Low-carbon specialist Ara Partners eyes $500m March first close

The firm is part owned by Capital Constellation, a GP seeding JV between the Alaska Permanent Fund, RPMI Railpen and Wafra, which acquired a minority stake in 2018.

Ara Partners, a Houston-based firm targeting business that help to reduce carbon emissions, expects to have raised more than three-quarters of its latest fund by the end of this month.

The Houston-based firm is targeting $650 million for Ara Fund II – its sophomore growth equity and buyout fund – according to a source with knowledge of the matter. It is expected to hold a first close on $500 million on 31 March, the source said.

A spokesman for Ara did not return requests for comment.

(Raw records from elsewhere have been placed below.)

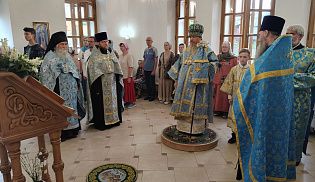 Епископ Алатырский и Порецкий Феодосий в праздник Казанской иконы Божией Матери возглавил Престольные торжества в Казанском храме города Алатыря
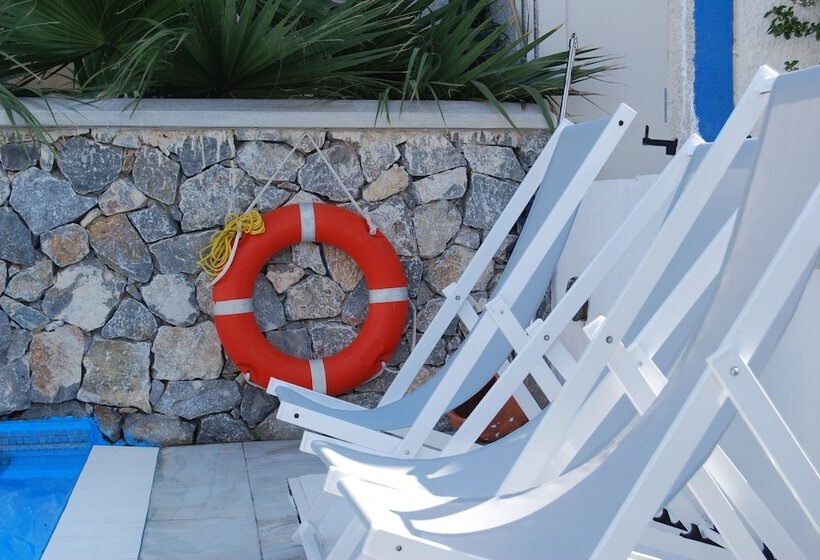 בית מלון כפרי Aretousa Villas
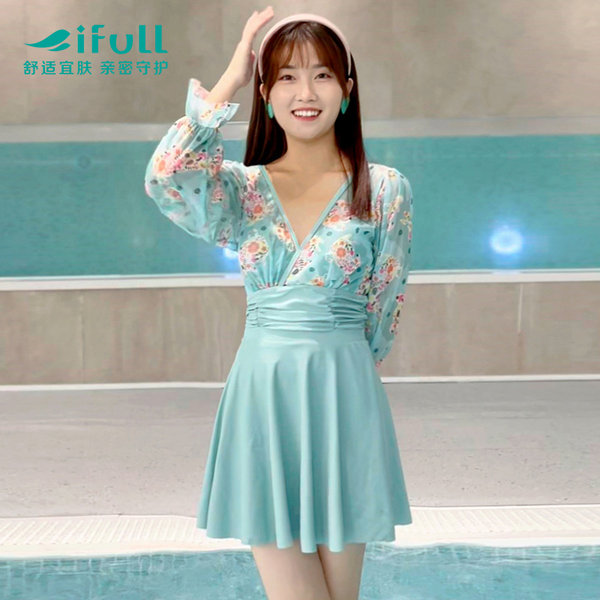 ชุดว่ายน้ำผู้หญิง ชุดว่ายน้ำน่ารัก Bikini ชุดไปทะเล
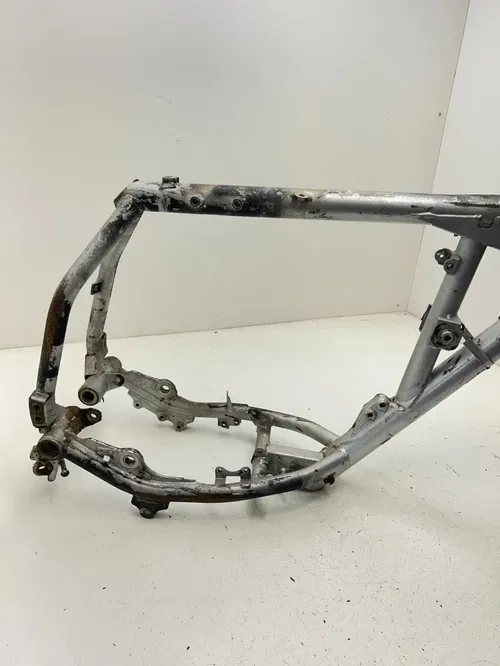 2005 05 Kawasaki KL 650 KL650-A  Main Frame Body Assembly Chassis BOS! READ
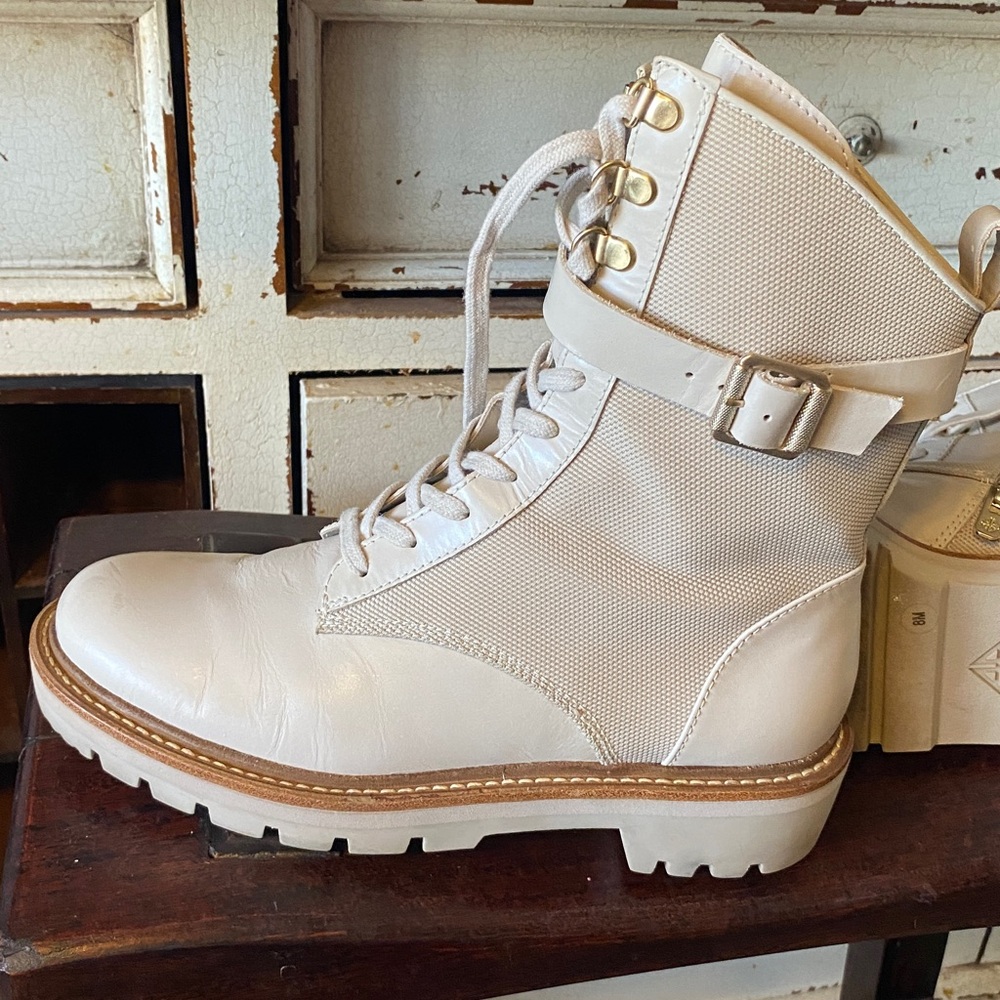 Antonio Melani Leather cream color Lace Up Lug Sole Combat Boots - Picture 12 of 12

Ara was launched in 2017 by Charles Cherington, a former managing partner at US energy firm Intervale Capital, and Troy Thacker, a former founding partner at agribusiness firm Paine Schwartz Partners. The firm invests across the industrial and manufacturing; chemicals and materials; green fuels; and food and agriculture sectors.

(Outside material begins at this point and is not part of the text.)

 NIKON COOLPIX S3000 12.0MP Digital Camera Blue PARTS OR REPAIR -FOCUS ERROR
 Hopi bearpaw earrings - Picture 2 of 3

Its portfolio includes Puraglobe, a producer of motor oils that help mitigate carbon emissions; plastics recycling business Circulus; and Path, an industrial services platform that cleans storage tanks.

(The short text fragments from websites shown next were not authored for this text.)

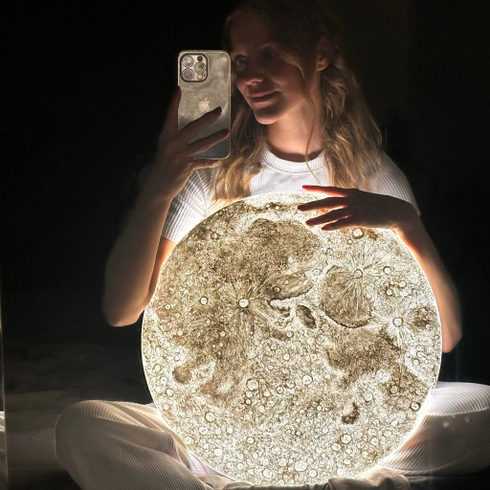 Светильник - Реалистичная Луна (49 см) на стену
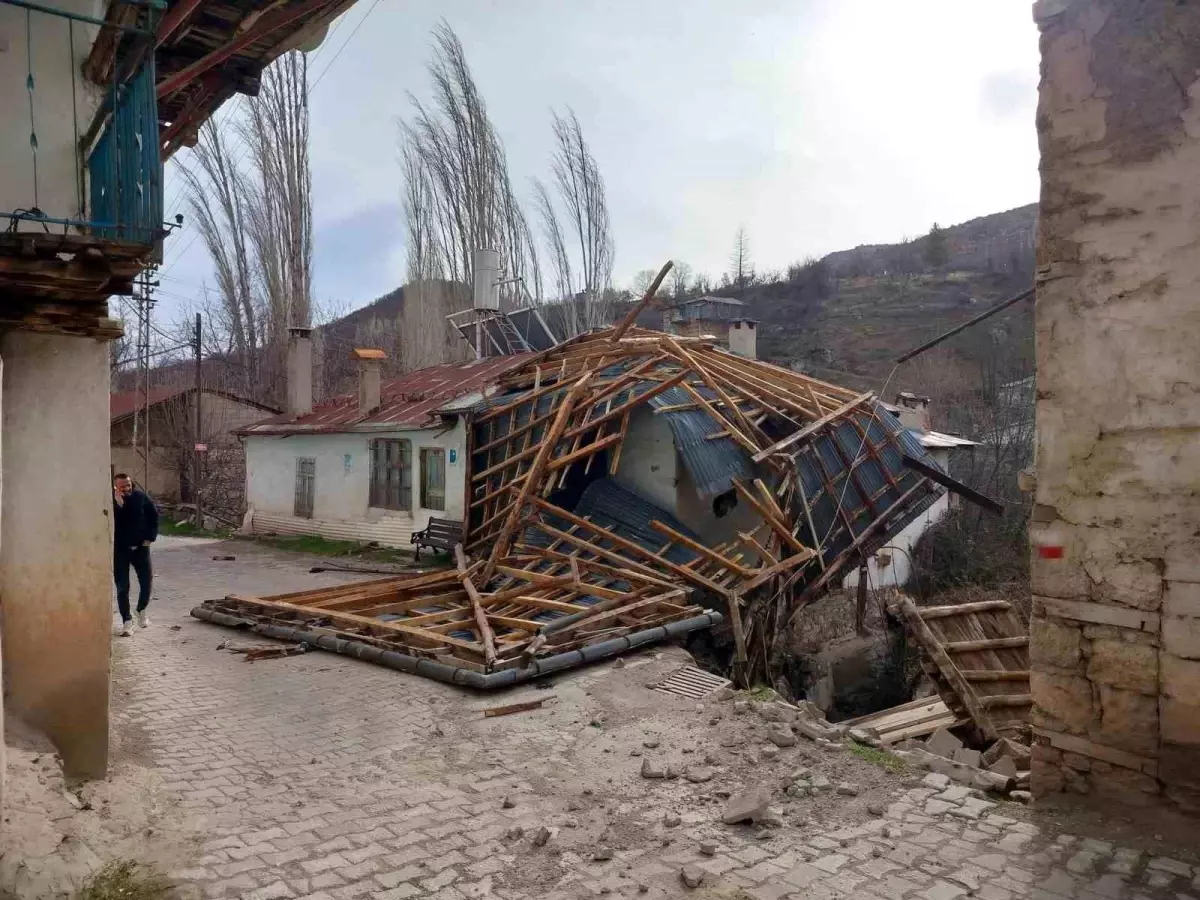 Konya'nın Bozkır İlçesinde Şiddetli Rüzgar Çatıları Uçurdu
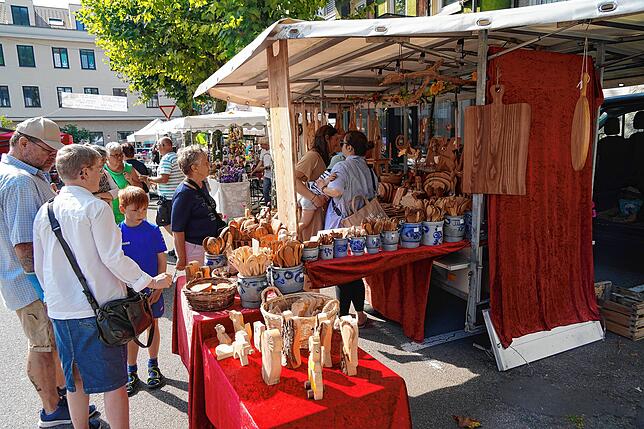 Bild 13: Bunte Vielfalt auf dem Marktplatz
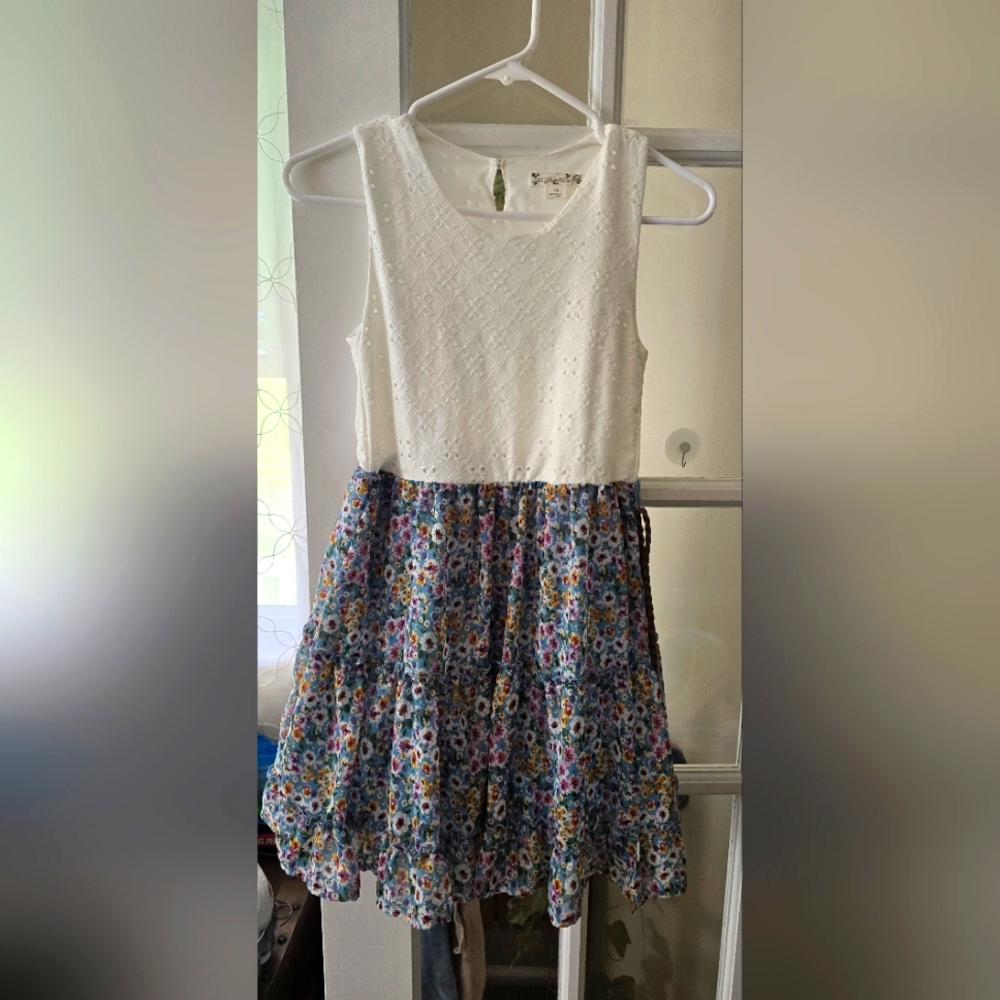 Girls dress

Ara is part owned by Capital Constellation, a GP seeding joint venture between the Alaska Permanent Fund Corporation, RPMI Railpen and Wafra, which acquired a minority stake in 2018, per a statement.

The firm raised $400 million against a $500 million target for its 2018-vintage Ara Fund I, according to PEI data. It held a final close in May last year.

The WSJ first reported on Ara Partners’ Fund II launch on Thursday.

Low-carbon strategies are becoming increasingly commonplace across the private markets, with much of the progress driven by LPs. Last year, the California State Teachers’ Retirement System teamed up with Japan’s Government Pension Investment Fund and the UK’s USS Investment Management to call for enhanced disclosures under the framework of the Task Force on Climate-related Financial Disclosure.

Some 35 institutional investors, representing $5.5 trillion in assets, have signed up to the UN’s Net-Zero Asset Owner Alliance, which pledges to reduce their portfolio carbon footprint to net-zero greenhouse gas emissions by 2050. The California Public Employees’ Retirement System, Allianz and Caisse de dépôt et placement du Québec are among the signatories.